Por LENIO LUIZ STRECK*
Muita gente da comunidade jurídica sustenta que as penas aplicadas aos golpistas do 8/1 foram excessivas, Por isso é que se formou o movimento que propõe um acordão, para aliviar a barra das centenas de golpistas presos e condenados (claro que esse movimento quer, mesmo, aliviar Bolsonaro e os demais).
Estão usando o montante das penas para negociar com a anistia, como se isso fosse possível. Pode até ocorrer, mas será uma traição à Constituição.
Um erro jurídico é dizer que o STF não apontou em detalhes as condutas individuais da massa do 8 de janeiro. E o fato de os crimes terem sido cometidos em turba seria contraditória com a condenação por associação criminosa. Tem jurista propondo até indulto parcial.

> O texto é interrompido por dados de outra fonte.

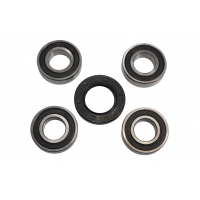 BEARING WORX ŁOŻYSKA KOŁA TYLNEGO Z USZCZELNIACZAMI YAMAHA IT 250 '81-'83, IT 465 '81-'82, IT 490 '83-'84, TT 350 '86-'87, TT 60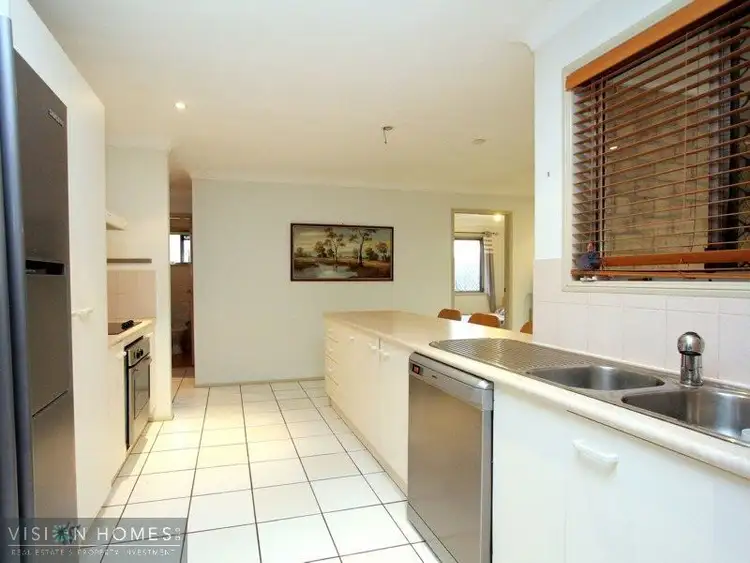 Third view of Homely house listing, 29 Jay st, Marsden QLD 4132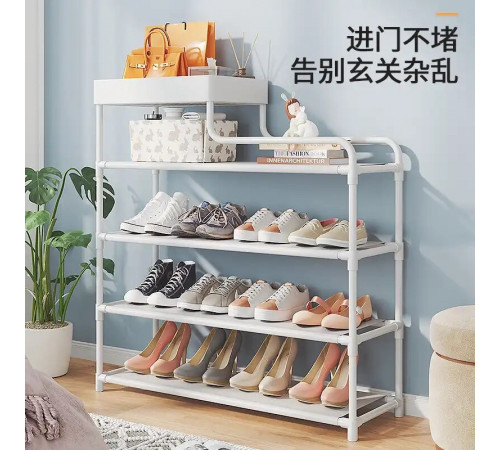 Полиця Для взуття CLOTHES RACK 113-5 5 полиць(12) (16) (20)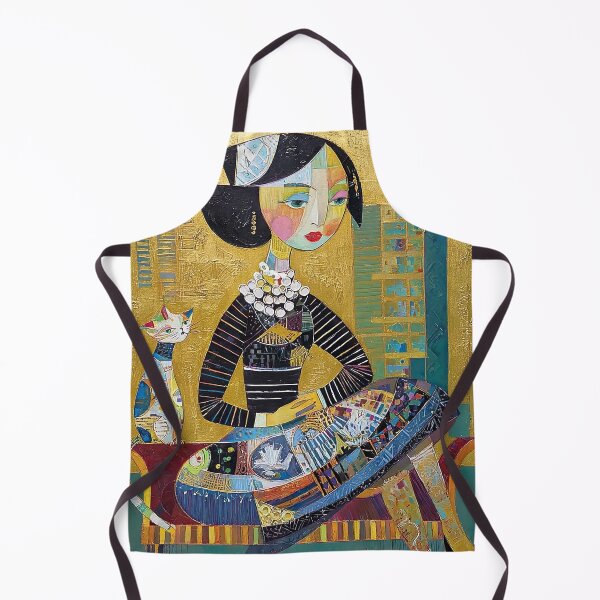 Item preview, Inspirado en Picasso 01 designed and sold by Maha Karuna.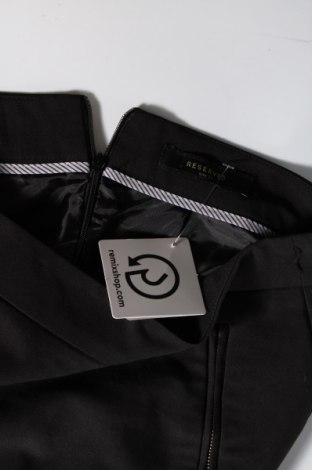 Φούστα Reserved, Μέγεθος S, Χρώμα Μαύρο, Τιμή 3,05 €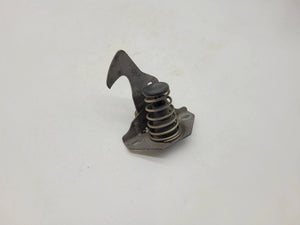 Original BMW 3er E90/E91 Fanghaken Frontklappe 51.23-7073916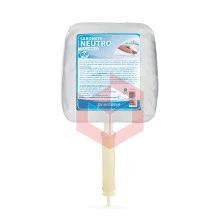 Sabonete liquido neutro glicerinado Premisse 800ml C10124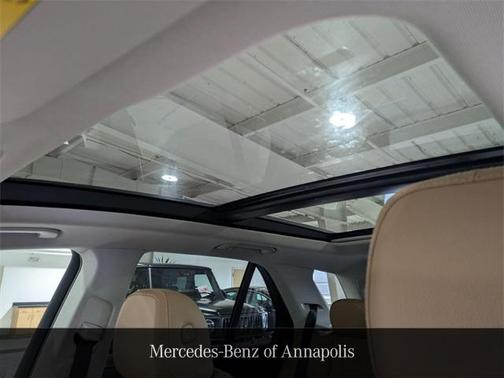 2026 Mercedes-Benz GLE 350 4MATIC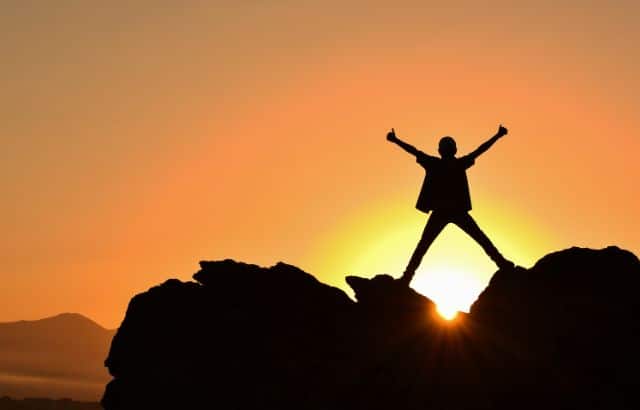 The Path to Success: A Comprehensive Guide to Achieving Extraordinary Milestones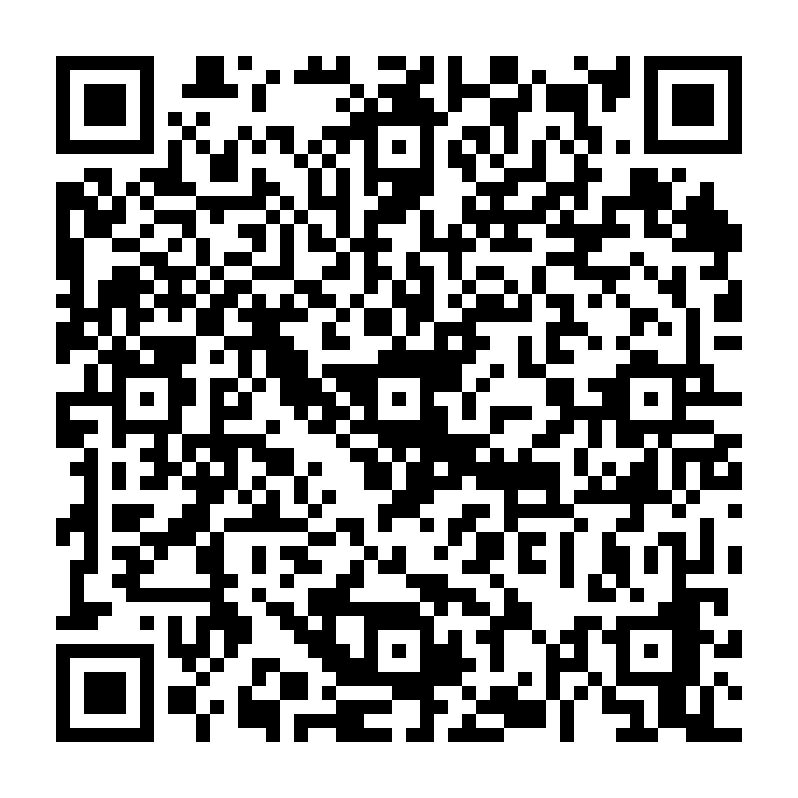 QR kodas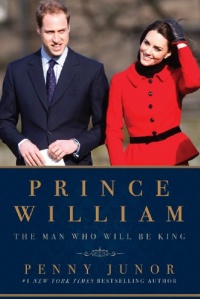 Prince William: The Man Who Will Be King Prince William: The Man Who Will Be King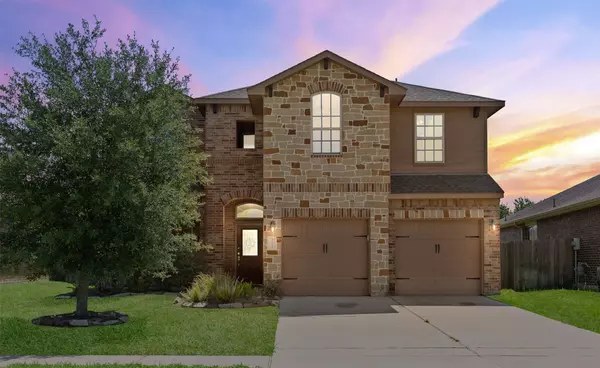 11614 Lantana Reach DR, Richmond, TX 77406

Há problemas jurídicos nas críticas. A questão do indulto ou anistia é opção política e há precedente do STF sobre isso no caso Daniel Silveira, dizendo não caber graça ou indulto para esse tipo de crime por existir vedação implícita. Afinal, nenhuma democracia pode cometer haraquiri perdoando quem lhe quis destruir. É uma contradição insuperável e desvio de finalidade do instituto.
É equivocado dizer também que o STF foi contraditório ao condenar por associação criminosa quando se trata de turba. Até porque no caso concreto a ação dos golpistas não se desenvolve apenas no dia 8; há um ajuste prévio naqueles acampamentos que clamavam por intervenção militar. Portanto, havia uma programação. Não há espontaneidade.
É claro que a associação criminosa exige uma certa permanência, mas – atenção – pelo tempo de duração dos acampamentos já se pode ver que havia uma (longa) permanência. Não foi um acampamento de um ou dois dias. Não foi algo de passagem para os golpistas.
Ora, o conceito de associação criminosa não é incompatível com crime cometido por multidão. Aliás, os autores não foram condenados aos crimes de tentativa de golpe e abolição violenta pelo fato de estarem em multidão. Isso foi utilizado para os crimes de dano. Uma coisa importante: pessoas podem se associar e nem mesmo virem a cometer o crime.
Ademais, as penas – tidas por elevadas – foram aplicadas no modus operandi com que são aplicadas penas todos os dias no Brasil. Na verdade, aplicadas no mínimo. Brasil a fora os juízes pegam mais pesado. Ficaram altas porque as penas dos crimes são elevadas, aprovadas pelo legislador e sancionadas pelo então presidente Bolsonaro. E, veja-se: trata de tentativa e de golpe e abolição da democracia. As penas não poderiam ser do quilate de uma invasão de domicílio ou de furto. São crimes graves.
Lamentavelmente, o próprio governo Lula – vítima do golpe – não se portou como vítima e afrouxou. Deixou o STF sozinho. E isso tudo acabou dando vazão a um brasileiríssimo jeitinho de conciliar. Eis aí a possibilidade de um “acordão”. Ruim. Parece que não conseguimos concluir nada neste país. Nem mesmo a punição aos que quase nos tiraram a democracia. Triste.
*Lenio Luiz Streck é jurista e professor universitário.
Foto da capa: Débora Santos pichou ‘Perdeu, mané’ na estátua da Justiça, em frente ao STF/Gabriela Biló – 8.jan.2023/Folhapress
Respostas de 3
Continuamos amassando barro, não evoluímos como nação, vamos permitir que ocorra novamente.
Com toda a certeza, não deveria haver um dia de redução nas penas desses criminosos. Passaram muito tempo atormentando a população nos seus acampamentos golpistas, patrocinados por ricos e poderosos. Tudo foi divulgado na internet.
O professor Lênio sempre lúcido e certeiro. Não conseguimos nunca livrar o País dos sopros autoritários.